Although event level error metrics give researchers a better idea of the actual performance of automated classifiers or agreement level between labellers, existing event level metrics suffer from various drawbacks. The majority vote metric by Hoppe et al. remains agnostic to the testing sequences’ structure. It does not penalize during event fragmentation caused by unexpected short events in the testing sequence21,48. Moreover, this metric could be biased by the distribution of samples. Event level F1 score does not work well in multi-category scenario21 and gives out unreliable RTO and RTD. EER does not provide any measure of alignment quality and suffers from the Accuracy Paradox21. Event matching techniques based on the largest overlap ratio, such as the event κ proposed by Zemlys et al. do not provide a reliable measure of alignment quality21. ELC overcomes these issues by matching events whose transition points fall within a window. A potential drawback of ELC is its dependency on the window size. Although the window size could be carefully chosen for different types of events and transitions, the metric could generate different results due to varying window sizes. For example, if a small window size was chosen, ELC would have a lower tolerance for transition ambiguity between certain event types which could result in higher misclassification scores. Furthermore, ELC is not symmetrical. To alleviate that, we propose that metrics derived using ELC should be averaged when used to evaluate inter-coder performance. While ELC overcomes certain drawbacks from previous evaluation techniques, new event level metrics are needed which accurately reflect performance, is symmetric in nature, provides a reliable measure of temporal alignment quality and is independent of an external threshold.

Conclusion

This work introduces GW, a large-scale dataset for studying eye and head coordination in naturalistic conditions. Participants were asked to perform four tasks without constraining them in any manner and were free to accomplish the tasks in any manner they chose to. Approximately 2 hours and 15 minutes of gaze behavior was manually hand coded by multiple human annotators and used to train gaze classifiers. We benchmark the performance of two machine learning algorithms for classifying these events and found that both achieved near human level performance for detecting gaze fixations and saccades, but they found it difficult to distinguish gaze pursuit behavior without additional contextual information otherwise available to human coders. In an effort to produce intuitive measures for event level similarities between two sequences, we propose the ELC event matching algorithm.

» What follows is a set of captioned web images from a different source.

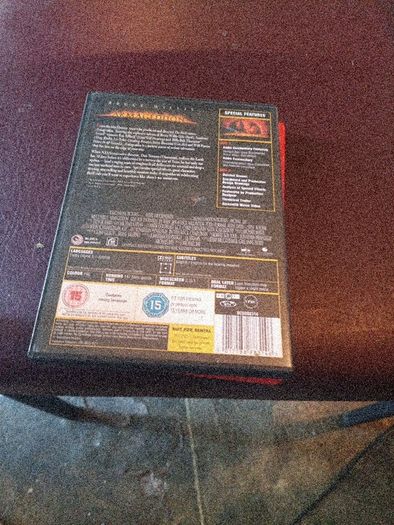 2 disc collectors edition Armageddon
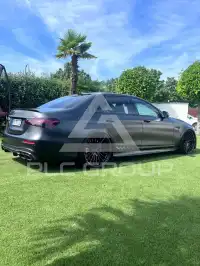 2023 Mercedes Benz E 63 AMG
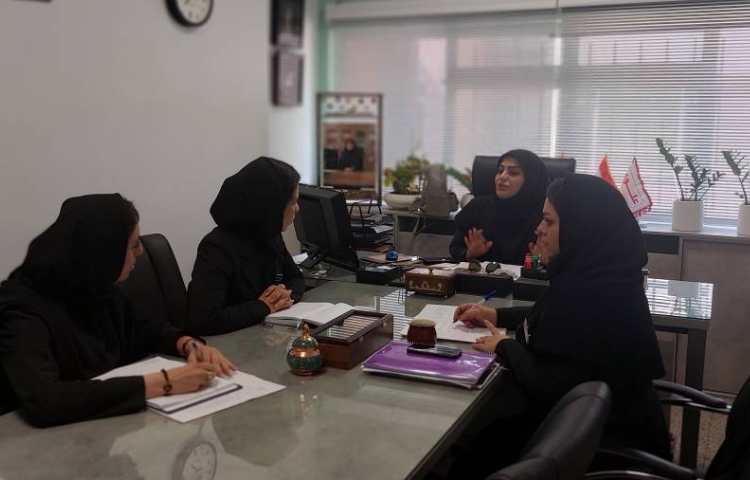 برگزاری شورای مدرسه 2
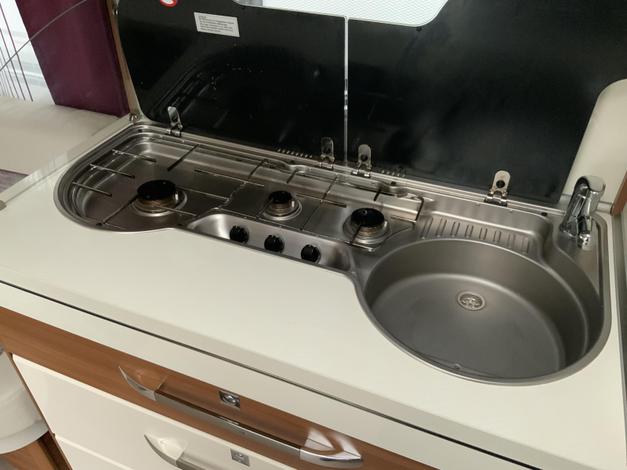 Hobby Excellent 495 UFE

We verify that all commercial eye tracking solutions could benefit in classifying head-free gaze pursuit movements by including a low cost IMU. Furthermore, comparable results are observed when head-free gaze movements are classified purely based on absolute velocity information of the eye and head, which indicates that head-free gaze classification is possible without aligning the eye and head coordinate systems.

Permission to share facial imagery

All identifiable people in this manuscript consent to share their information as presented.

Data representation

All statistical figures were generated using Gramm, an open source software for data visualization59. All metrics reported are rounded to the second decimal.